Dataset excerpts
================================
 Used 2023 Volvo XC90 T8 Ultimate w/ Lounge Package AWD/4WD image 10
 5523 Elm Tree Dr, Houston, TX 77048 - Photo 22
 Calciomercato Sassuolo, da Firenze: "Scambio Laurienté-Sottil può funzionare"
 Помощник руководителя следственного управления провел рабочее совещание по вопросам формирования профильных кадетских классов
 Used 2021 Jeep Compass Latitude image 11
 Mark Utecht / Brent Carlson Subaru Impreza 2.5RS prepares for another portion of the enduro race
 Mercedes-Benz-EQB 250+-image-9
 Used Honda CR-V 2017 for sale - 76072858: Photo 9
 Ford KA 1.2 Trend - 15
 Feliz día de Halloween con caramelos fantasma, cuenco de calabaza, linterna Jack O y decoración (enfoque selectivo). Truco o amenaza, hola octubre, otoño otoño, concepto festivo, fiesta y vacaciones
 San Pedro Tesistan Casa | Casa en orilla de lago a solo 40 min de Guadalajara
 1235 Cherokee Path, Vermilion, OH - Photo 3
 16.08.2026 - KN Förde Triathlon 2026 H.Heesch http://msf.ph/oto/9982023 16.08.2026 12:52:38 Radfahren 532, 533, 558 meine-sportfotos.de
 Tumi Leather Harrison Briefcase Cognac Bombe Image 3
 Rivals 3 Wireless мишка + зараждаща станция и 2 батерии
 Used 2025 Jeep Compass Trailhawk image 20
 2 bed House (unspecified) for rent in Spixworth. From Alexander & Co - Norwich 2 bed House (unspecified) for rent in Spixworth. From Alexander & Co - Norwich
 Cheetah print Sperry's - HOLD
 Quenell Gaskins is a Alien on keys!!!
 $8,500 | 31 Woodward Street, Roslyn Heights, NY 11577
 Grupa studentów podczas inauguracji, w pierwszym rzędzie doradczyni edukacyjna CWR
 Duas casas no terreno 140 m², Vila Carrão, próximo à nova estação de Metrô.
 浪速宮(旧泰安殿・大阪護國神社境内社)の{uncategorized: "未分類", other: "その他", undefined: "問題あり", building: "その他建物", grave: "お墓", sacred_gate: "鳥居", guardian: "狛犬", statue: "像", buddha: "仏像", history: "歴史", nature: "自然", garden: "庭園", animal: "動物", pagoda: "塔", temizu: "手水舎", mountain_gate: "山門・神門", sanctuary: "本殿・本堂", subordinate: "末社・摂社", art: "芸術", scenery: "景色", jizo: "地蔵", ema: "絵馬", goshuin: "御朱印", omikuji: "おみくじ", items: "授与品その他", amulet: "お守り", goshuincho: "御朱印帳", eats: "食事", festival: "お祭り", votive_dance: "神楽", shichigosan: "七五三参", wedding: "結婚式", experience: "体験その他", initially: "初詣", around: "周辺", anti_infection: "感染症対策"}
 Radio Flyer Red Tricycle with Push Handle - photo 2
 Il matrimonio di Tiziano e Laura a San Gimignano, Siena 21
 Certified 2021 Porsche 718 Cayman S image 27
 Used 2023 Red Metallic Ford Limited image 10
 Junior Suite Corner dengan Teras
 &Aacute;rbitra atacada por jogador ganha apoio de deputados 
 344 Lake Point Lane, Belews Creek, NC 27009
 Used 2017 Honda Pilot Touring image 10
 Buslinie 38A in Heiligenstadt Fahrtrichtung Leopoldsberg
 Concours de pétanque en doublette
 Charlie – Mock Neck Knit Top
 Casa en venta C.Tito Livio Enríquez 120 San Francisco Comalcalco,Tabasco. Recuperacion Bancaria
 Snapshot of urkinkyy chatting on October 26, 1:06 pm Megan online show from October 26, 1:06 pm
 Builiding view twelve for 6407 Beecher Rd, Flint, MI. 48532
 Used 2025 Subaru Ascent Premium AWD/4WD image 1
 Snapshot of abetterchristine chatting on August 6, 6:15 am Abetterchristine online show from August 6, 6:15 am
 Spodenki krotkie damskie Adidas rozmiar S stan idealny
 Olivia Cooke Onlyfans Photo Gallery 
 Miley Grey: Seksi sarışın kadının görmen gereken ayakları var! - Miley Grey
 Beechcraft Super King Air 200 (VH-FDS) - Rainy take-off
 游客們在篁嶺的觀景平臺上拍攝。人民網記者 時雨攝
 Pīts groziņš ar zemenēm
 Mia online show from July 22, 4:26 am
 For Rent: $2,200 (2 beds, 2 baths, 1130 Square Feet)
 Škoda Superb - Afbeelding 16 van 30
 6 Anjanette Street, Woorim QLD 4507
================================
[Your goal]
Would you reproduce all of the data exactly, without a single alteration?

[Solution to this problem]
 Used 2023 Volvo XC90 T8 Ultimate w/ Lounge Package AWD/4WD image 10
 5523 Elm Tree Dr, Houston, TX 77048 - Photo 22
 Calciomercato Sassuolo, da Firenze: "Scambio Laurienté-Sottil può funzionare"
 Помощник руководителя следственного управления провел рабочее совещание по вопросам формирования профильных кадетских классов
 Used 2021 Jeep Compass Latitude image 11
 Mark Utecht / Brent Carlson Subaru Impreza 2.5RS prepares for another portion of the enduro race
 Mercedes-Benz-EQB 250+-image-9
 Used Honda CR-V 2017 for sale - 76072858: Photo 9
 Ford KA 1.2 Trend - 15
 Feliz día de Halloween con caramelos fantasma, cuenco de calabaza, linterna Jack O y decoración (enfoque selectivo). Truco o amenaza, hola octubre, otoño otoño, concepto festivo, fiesta y vacaciones
 San Pedro Tesistan Casa | Casa en orilla de lago a solo 40 min de Guadalajara
 1235 Cherokee Path, Vermilion, OH - Photo 3
 16.08.2026 - KN Förde Triathlon 2026 H.Heesch http://msf.ph/oto/9982023 16.08.2026 12:52:38 Radfahren 532, 533, 558 meine-sportfotos.de
 Tumi Leather Harrison Briefcase Cognac Bombe Image 3
 Rivals 3 Wireless мишка + зараждаща станция и 2 батерии
 Used 2025 Jeep Compass Trailhawk image 20
 2 bed House (unspecified) for rent in Spixworth. From Alexander & Co - Norwich 2 bed House (unspecified) for rent in Spixworth. From Alexander & Co - Norwich
 Cheetah print Sperry's - HOLD
 Quenell Gaskins is a Alien on keys!!!
 $8,500 | 31 Woodward Street, Roslyn Heights, NY 11577
 Grupa studentów podczas inauguracji, w pierwszym rzędzie doradczyni edukacyjna CWR
 Duas casas no terreno 140 m², Vila Carrão, próximo à nova estação de Metrô.
 浪速宮(旧泰安殿・大阪護國神社境内社)の{uncategorized: "未分類", other: "その他", undefined: "問題あり", building: "その他建物", grave: "お墓", sacred_gate: "鳥居", guardian: "狛犬", statue: "像", buddha: "仏像", history: "歴史", nature: "自然", garden: "庭園", animal: "動物", pagoda: "塔", temizu: "手水舎", mountain_gate: "山門・神門", sanctuary: "本殿・本堂", subordinate: "末社・摂社", art: "芸術", scenery: "景色", jizo: "地蔵", ema: "絵馬", goshuin: "御朱印", omikuji: "おみくじ", items: "授与品その他", amulet: "お守り", goshuincho: "御朱印帳", eats: "食事", festival: "お祭り", votive_dance: "神楽", shichigosan: "七五三参", wedding: "結婚式", experience: "体験その他", initially: "初詣", around: "周辺", anti_infection: "感染症対策"}
 Radio Flyer Red Tricycle with Push Handle - photo 2
 Il matrimonio di Tiziano e Laura a San Gimignano, Siena 21
 Certified 2021 Porsche 718 Cayman S image 27
 Used 2023 Red Metallic Ford Limited image 10
 Junior Suite Corner dengan Teras
 &Aacute;rbitra atacada por jogador ganha apoio de deputados 
 344 Lake Point Lane, Belews Creek, NC 27009
 Used 2017 Honda Pilot Touring image 10
 Buslinie 38A in Heiligenstadt Fahrtrichtung Leopoldsberg
 Concours de pétanque en doublette
 Charlie – Mock Neck Knit Top
 Casa en venta C.Tito Livio Enríquez 120 San Francisco Comalcalco,Tabasco. Recuperacion Bancaria
 Snapshot of urkinkyy chatting on October 26, 1:06 pm Megan online show from October 26, 1:06 pm
 Builiding view twelve for 6407 Beecher Rd, Flint, MI. 48532
 Used 2025 Subaru Ascent Premium AWD/4WD image 1
 Snapshot of abetterchristine chatting on August 6, 6:15 am Abetterchristine online show from August 6, 6:15 am
 Spodenki krotkie damskie Adidas rozmiar S stan idealny
 Olivia Cooke Onlyfans Photo Gallery 
 Miley Grey: Seksi sarışın kadının görmen gereken ayakları var! - Miley Grey
 Beechcraft Super King Air 200 (VH-FDS) - Rainy take-off
 游客們在篁嶺的觀景平臺上拍攝。人民網記者 時雨攝
 Pīts groziņš ar zemenēm
 Mia online show from July 22, 4:26 am
 For Rent: $2,200 (2 beds, 2 baths, 1130 Square Feet)
 Škoda Superb - Afbeelding 16 van 30
 6 Anjanette Street, Woorim QLD 4507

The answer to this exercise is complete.